Perhaps coincidentally, a member of Berlusconi's own party proposed the ban on veils. Whether or not the ban is meant to be a distraction from other problems such as gender inequality and fiscal ruin, it is definitely a mistake. As in France and Belgium, Italy's law proposes to ban the "full veil," one of a multitude of headcoverings along with a niqab (face-covering), or more notoriously still, the burqa. Thanks to the Taliban's deserved notoriety, most Westerners conflate any full covering with cruelty and misogyny. But Afghan women wore the burqa, which they call the chaderi, long before the Taliban existed -- as early as the 18th century. It's no surprise, therefore, that many still wear it now that the regime is out of power.
One thing that's often missed in the debate over "the veil" is that, for the women who wear the covering, its meanings are as many-layered as the garment itself. In one study on the chaderi's usage, most Afghan women who wore the covering were nonchalant. They made it seem "nearly equivalent to the Western raincoat," reported study author M. Catherine Daly. When pressed, women told her that they wore the chaderi for its protection -- both from weather and unwelcome male attention.
The chaderi has social functions, too. With its abundance of cloth and craftsmanship, it's often seen as a sign of wealth and class -- although in the late 20th century, as upper classes started dressing more like Europeans, the chaderi started to connote country bumpkin. The covering also symbolizes honor. One woman told Daly that if her husband didn't buy her a chaderi, she'd think he didn't appreciate her.
Patriarchal? Maybe. But, like any other expression of honor or modesty, the chaderi can also give women have a little more wiggle room in society. After 20 years of war that killed many Afghan men, more women went to work. They donned chaderi to mitigate the harm done by working to their families' honor.
No matter why they initially put it on, once used to veiling fully, women say, leaving the house uncovered is like going out naked. When the Pahlavi regime in Iran forced women to unveil, one woman bewailed, "How could we go out with nothing on?" And yet, as one supporter of the Italian bill, lawmaker Barbara Saltamartini of Berlusconi's People of Freedom party, said in a statement, "Final approval will put an end to the suffering of many women who are often forced to wear the burka or niqab, which annihilates their dignity and gets in the way of integration."

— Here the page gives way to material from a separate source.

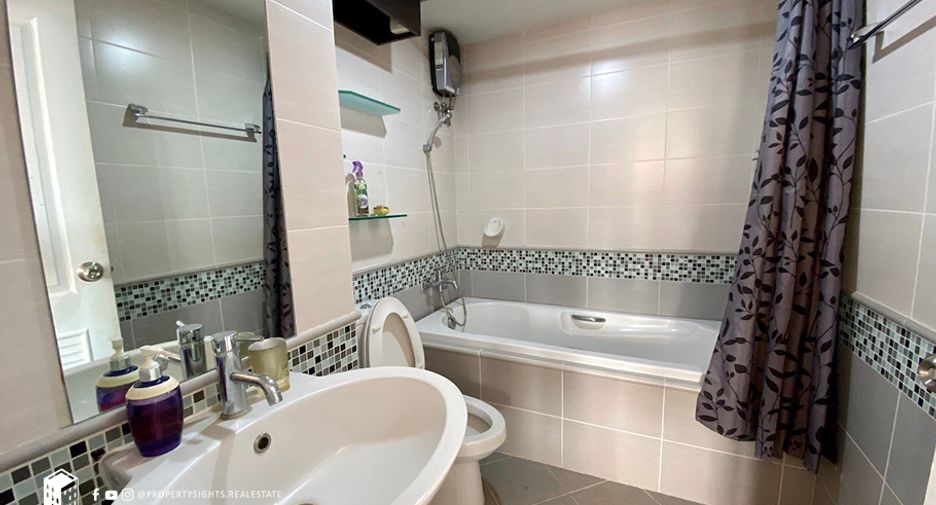 For sale 2 bedrooms condo in Khlong Toei, Bangkok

What's particularly smart about the situation in Italy is that it's a Muslim woman -- naturalized Moroccan immigrant Souad Sbai -- who proposed the bill. In France, one of the extraordinary things was that the whole debate seemed to occur without Muslim women being present at all. But, as shown in her interview with Time, Sbai's Muslim faith doesn't exactly mean she has a grasp on the covering's nuances. "I feel humiliated having to talk about burqas," she said. "I never saw burqas [as a child in Morocco]. Why do I see them here?"